Really? Then that made it worse. He must certainly have been off his head.

‘Or Bosnian,’ said Ravanelli, whose name was Italian and accent Triestino. ‘An uncouth fellow, certainly.’

Had Signor Ravanelli informed the police?

Yes, but he had gone by the time they arrived; as was usually the case in Trieste.

But had Signor Ravanelli been able to give them a description of him? He was sure he had. A man like Signor Ravanelli, experienced, noticing. A good description, he would bet.

Well … It had all happened so quickly. But, as the Signor had said, he was a noticing man and he thought he had been able to supply something helpful to the police. After all, they didn’t want this kind of thing happening too often. .

Description, though, was always difficult, said Seymour. Signor Ravanelli had perceptively seen that the man was not riff-raff. But then how did you distinguish him from all the other men who were not riff-raff? Clothes? Face? Bearing?

He was well set up. Almost, well, military. In his bearing. And his voice, too.

A Colonel?

No, no, not a Colonel. A Captain, more like. Younger than a Colonel would be. And without quite the same authority. The Signor would know. Asserting authority but not quite possessing it.

Seymour remarked again on how perceptive Signor Ravanelli was, and how fortunate it had been that he had been summoned in time to prevent the incident from developing into something worse.

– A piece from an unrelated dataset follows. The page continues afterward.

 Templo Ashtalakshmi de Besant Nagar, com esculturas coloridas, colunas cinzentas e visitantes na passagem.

‘And then, you say, Signor Lomax did not, in fact, go in?’

Perhaps he had been too distressed by the incident. He was, perhaps, not as used to such things as he, Signor Ravanelli, was. But, no. He had waited, and seen the man go, and then had left himself.

Strange people had begun to appear in the Piazza Grande. They were dressed differently from the other people, more casually, even messily, and stood out strikingly from the usual close-cropped, uniformed male citizenry. They sat at the cafes’ tables drinking and arguing.

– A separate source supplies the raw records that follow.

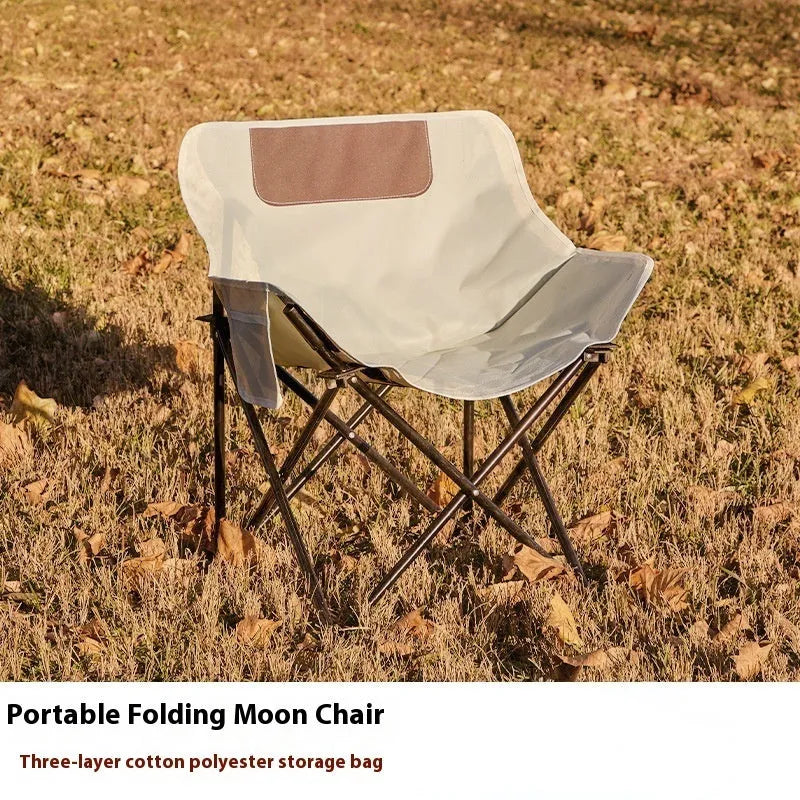 Folding outdoor chair with steel frame and Oxford cloth seat in a neutral colour.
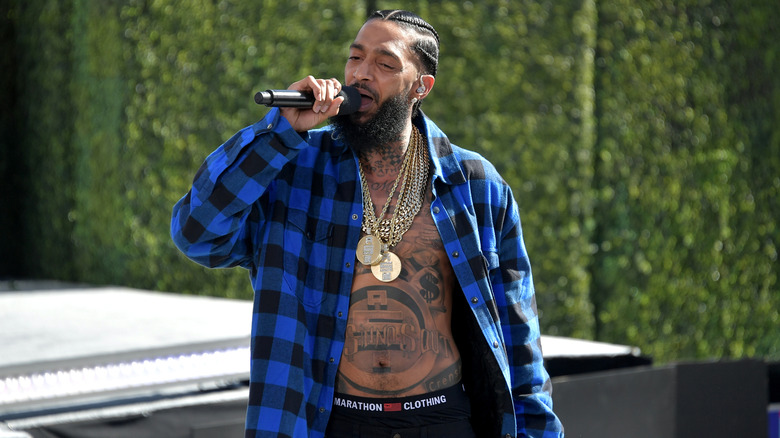 Nipsey Hussle performing with mic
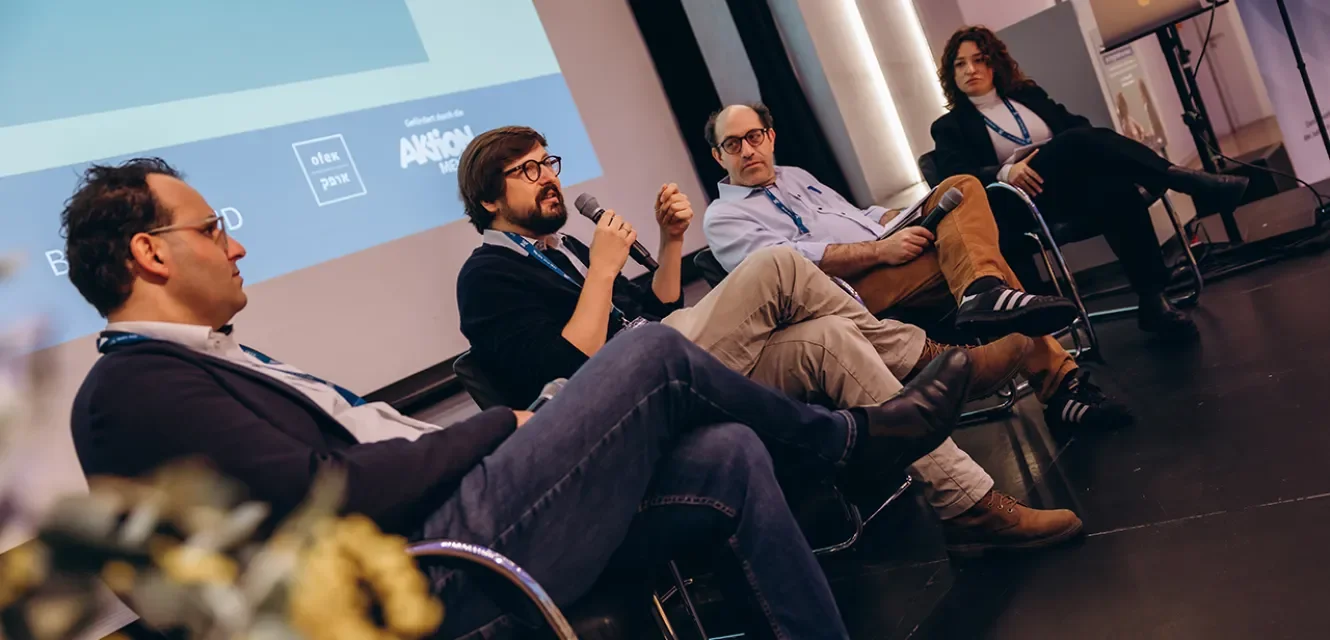 Menschen diskutieren auf einem Podium 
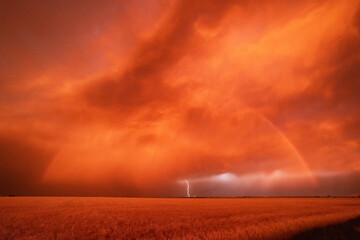A dust storm with vivid orange sky and rainbow, and cloud-to-ground lightning strike. 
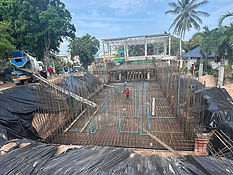 Construction site with metal framework, pipes, and workers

The focus of their argument appeared to be a sheet of paper which many of them were carrying. Seymour managed to get a glimpse of it as he went past one of the tables. Futurist Manifesto was the heading, and Citizens of the Future … it began.

By the evening the piazza seemed full of Citizens of the Future. Seymour had had doubts about whether Marinetti’s ‘Futurist Evening’, whatever that was, would get off the ground. He seemed to have been wrong.

Later in the evening he went through the piazza again. The arguing was still continuing. Indeed, it had grown more animated.

Marinetti himself was at one of the tables, not the artists’ table this time.

‘Art feels out the Future,’ Seymour heard him declaiming. ‘Art is the Future.’

But then there came a dissenting voice.

‘No, it’s not,’ someone said.

‘Not?’ said Marinetti, caught, for the moment, off-balance.

‘Art,’ said the dissenting voice firmly, ‘is outside time.’

Seymour recognized the voice now. It belonged to James.

Marinetti regathered himself.

‘Futurist Art is the Future,’ he roared. ‘All other art belongs to the past.’

James aimed a blow at him, missed, and fell across the table.

‘Other art,’ bellowed Marinetti, ‘the art of the museums, the galleries, the studios, is dead! It speaks in whispers. Polite, decorous whispers. “Oh, do please come and look at my beautiful, boring trees and my sweet, so sweet flowers! My beautiful blue waves Blue! Why should waves be blue, tell me that? Blue whispers, sends you to sleep. Why shouldn’t waves be red?

‘Close your eyes, and what colour do you see? Close them tighter, hold them shut. Red! Red, that is what you see. Red, that is what man brings to the world. Behind his polite, smiling eyes he sees the world as red.